In the Matter of the Arbitration
of a Dispute Between
WESTON TEACHERS' ASSOCIATION
WESTON SCHOOL DISTRICT
Mr. James M. Yoder, Executive Director, South Central United Educators, 2900 Red Fox Run, P.O. Box 79, Portage, Wisconsin 53901, appearing on behalf of the Association.
LaRowe, Gerlach & Roy, S.C., Attorneys at Law, 110 Main Street, P.O. Box 231, Reedsburg, Wisconsin 53959, by Mr. James P. Gerlach and Ms. Linda L. Hale, appearing on behalf of the District.
Weston Teachers' Association, hereafter the Association, and Weston School District, hereafter the District, are parties to a collective bargaining agreement which provides for the final and binding arbitration of grievances. The Association, with the concurrence of the District, requested the Wisconsin Employment Relations Commission to appoint a staff member as a single, impartial arbitrator to resolve the instant grievance. Hearing was held on August 15, 1994, in Reedsburg, Wisconsin. The hearing was not transcribed and the record was closed on October 6, 1994, upon receipt of written argument.

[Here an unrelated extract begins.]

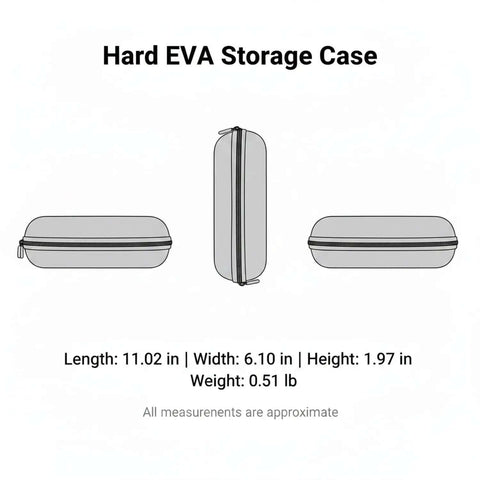 Badass Eva Hard Shell Carrying Case With Handle Crush Proof Protective Storage Box For Electronics Tools And Small Accessories Road Ready Gear Bag No Sweat Travel Organizer Built Damn Tough Comfy Commute Essentials, 11.02 x 6.1 x 1.97 inches.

The parties stipulated to the following statement of the issue:
Did the Weston School District violate Article XV, Professional Growth, of the Master Agreement, by denying use of all approved earned college credits in determining salary schedule placement for John Mathieus?

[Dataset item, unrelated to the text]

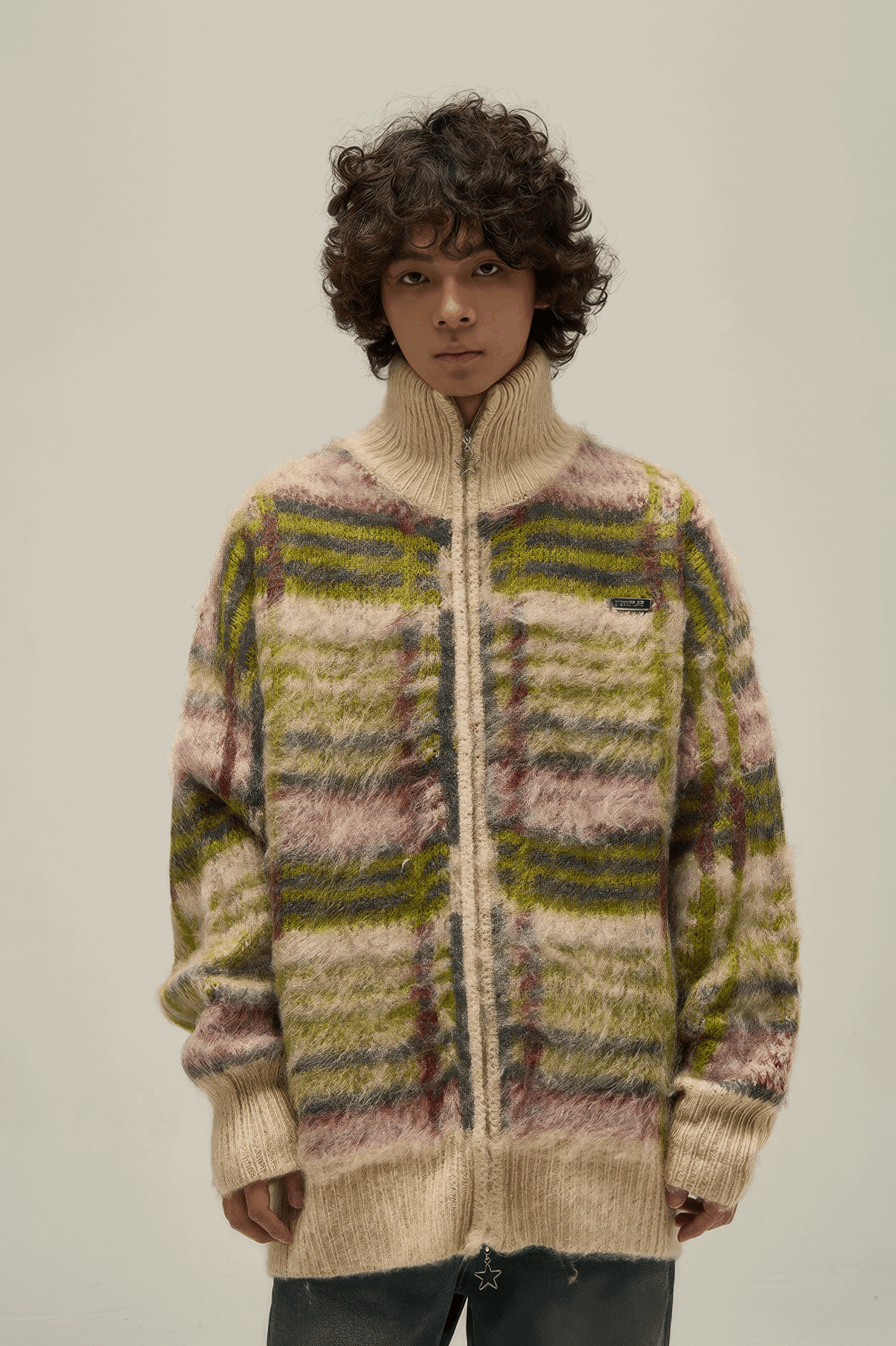 Winter Vintage American Knit Cardigan for Men – Loose & Relaxed - 4inme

If so, what is the appropriate remedy?
RELEVANT CONTRACT LANGUAGE:
A. All certified staff members are encouraged to provide for professional growth through college courses, conferences, or workshops. Teachers that take additional courses for advancement in their fields may have these credits applied toward the next step on the horizontal column in the salary schedule, provided these credits are submitted to the Superintendent in writing for approval prior to enrollment into the course or courses. Credit on the salary schedule will be granted upon proof of completion and will be credited to the teacher for the school year which begins following the completion of the course or courses.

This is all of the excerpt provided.